# [HOW TO COMPLETE THIS TASK]
Restate word for word the lines of the records below, starting at the line that contains "Cách tẩy áo trắng khi bị dính màu, vết bẩn" and ending at the line that contains "Jeune femme d'affaires", with both of those lines included and nothing else.

# [RECORDED INFORMATION]
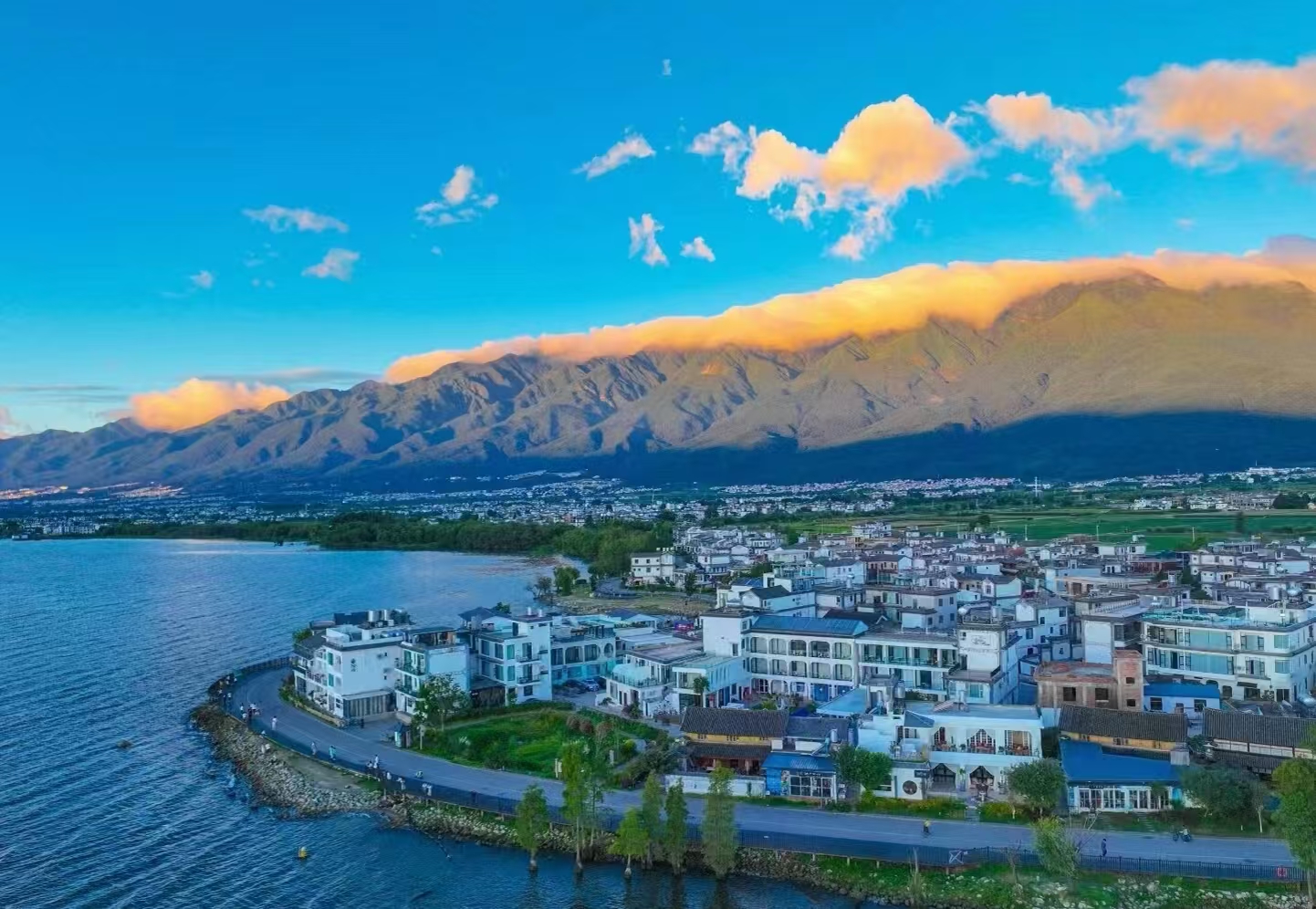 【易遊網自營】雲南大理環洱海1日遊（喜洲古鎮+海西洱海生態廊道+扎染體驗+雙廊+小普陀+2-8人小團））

* * *

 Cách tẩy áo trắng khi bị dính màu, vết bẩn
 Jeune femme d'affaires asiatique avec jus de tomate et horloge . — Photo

# [EXERCISE SOLUTION]
 Cách tẩy áo trắng khi bị dính màu, vết bẩn
 Jeune femme d'affaires asiatique avec jus de tomate et horloge . — Photo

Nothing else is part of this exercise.